The biggest coral challenge the organization faces now is saving and relocating massive elkhorn corals over 12 feet in diameter from the prospective site of the island’s future new harbor. The large corals were discovered during an archaeological mitigation mapping exercise, which also revealed two cannons, likely dating back to 17th-century pirate activity. A relocation trial is underway, with smaller outplanted elkhorn samples from the area placed around the island to find them a happy new home. When a suitable spot is located, outside experts will be brought in to achieve the safe movement of the larger patches, which could take up to six months.
Courtesy Alwin Hylkema
Divers are attempting to reintroduce long-spined sea urchins (pictured) to help balance the ecosystem in the area.
Securing cooperation and open communication isn’t always easy, but islandwide education efforts like Sea & Learn have helped ensure everyone is working on the same team. Wulf and his foundation continue to tackle large projects on this tiny but charming Caribbean island boasting world-class pinnacles and excellent diving.

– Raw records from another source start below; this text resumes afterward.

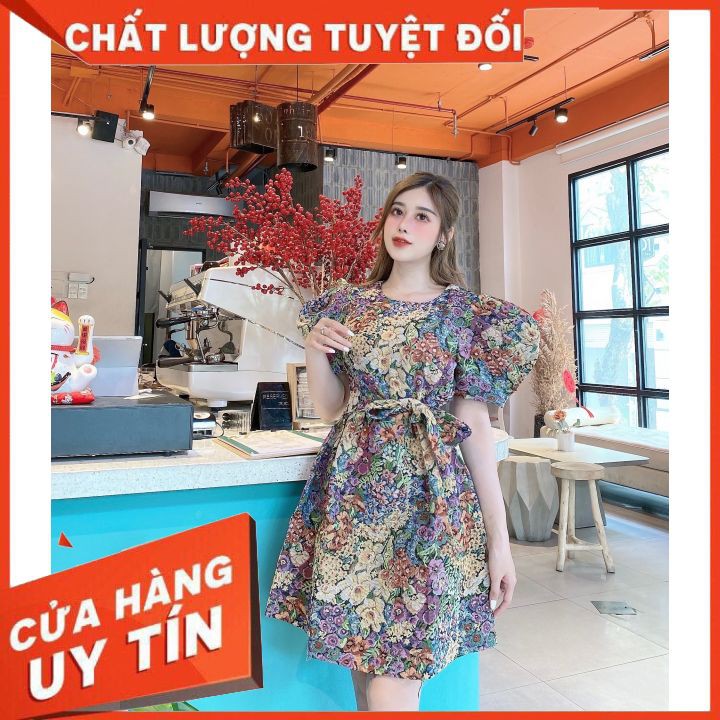 Đầm hoa [CoCo Shop] Đầm Hoa Phiên Bản Giới Hạn - Hàng Thiết Kế | BigBuy360 - bigbuy360.vn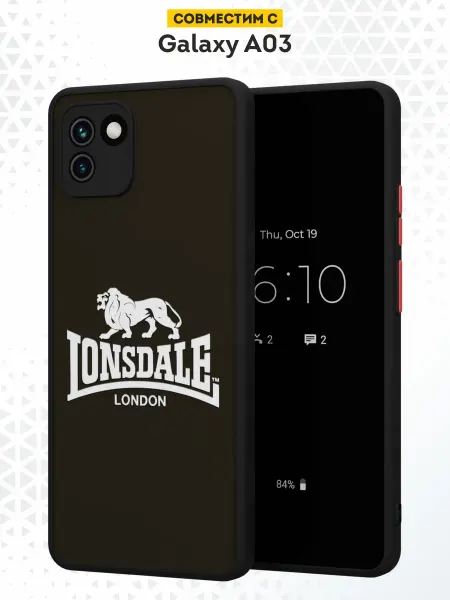 DesignOnCase Чехол бампер на Samsung A03 с принтом Lonsdale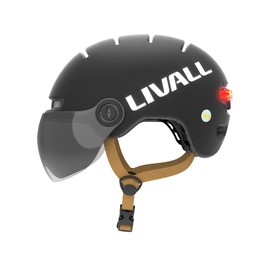 LIVAL L23_Smarter City Helmet with Visor in Black_M_54-58 cm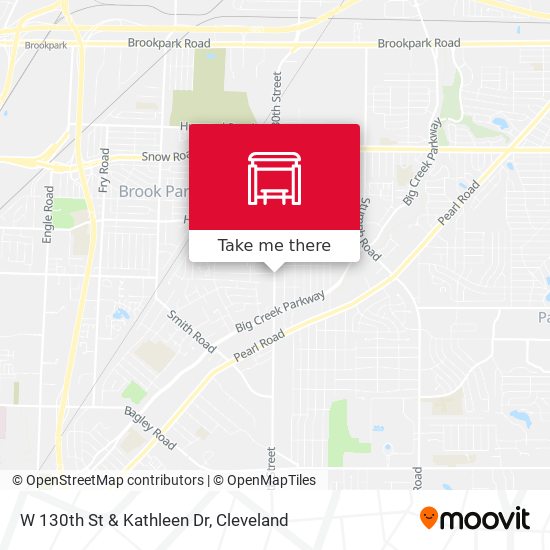 W 130th St & Kathleen Dr map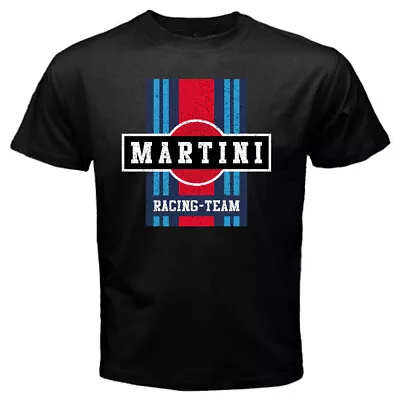 Martini Racing Team Logo Men's Black T-Shirt Size S To 5XL • $18.99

“From [data found during] a recent pregnant tiger shark tagging program, I’m confident the Saba Bank is actually a breeding area and focal point in this region, where they come every year to mate and breed. We also recently participated in an expedition with a Netherlands research ship, which found the deepest sinkholes in the world. We started about 300 feet deep, and they go down to several hundreds of meters—very exciting. They are totally unexplored, so there’s a lot of adventure ahead of us.”